### WHAT YOU NEED TO DO
Pictures in the material below are to be left out, and only the lines from the line with "Immunohistochemistry Of Cancers Oncohema Key" up to and including the line with "Иррадиация боли при инфаркте миокарда" are to be written out exactly.

### MATERIALS PROVIDED
***

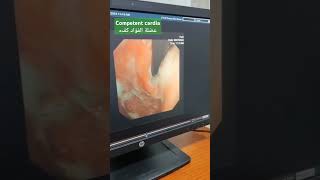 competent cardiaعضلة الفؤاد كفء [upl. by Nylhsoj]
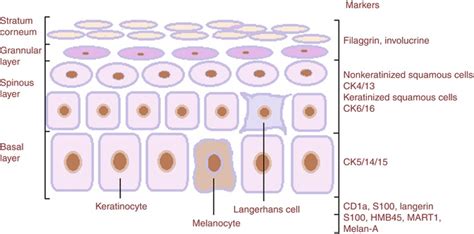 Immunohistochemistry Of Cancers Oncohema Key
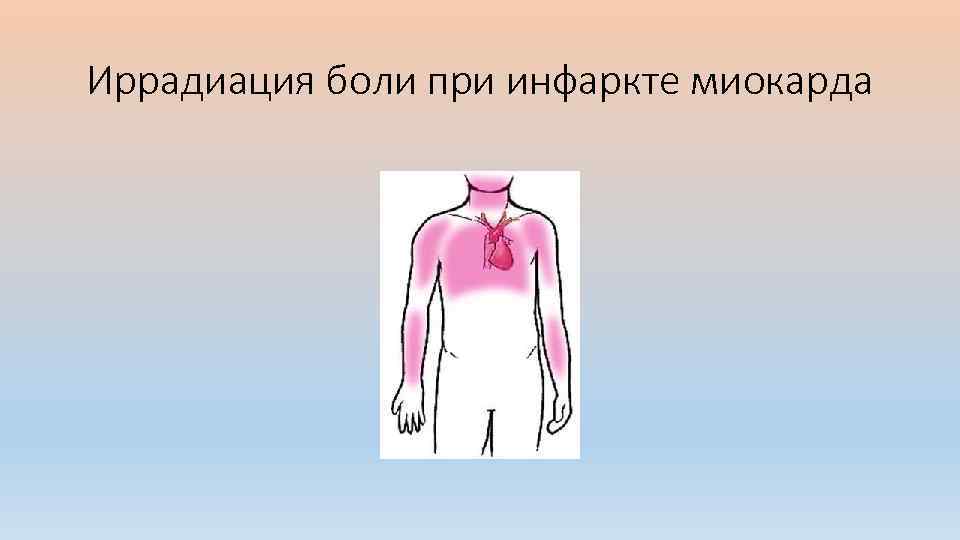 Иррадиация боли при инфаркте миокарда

***

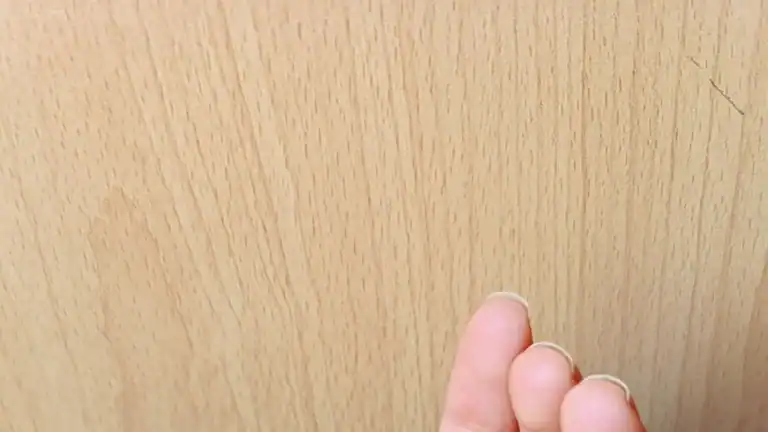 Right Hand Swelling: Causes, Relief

***

### ANSWER TO THE EXERCISE
 Immunohistochemistry Of Cancers Oncohema Key
 Иррадиация боли при инфаркте миокарда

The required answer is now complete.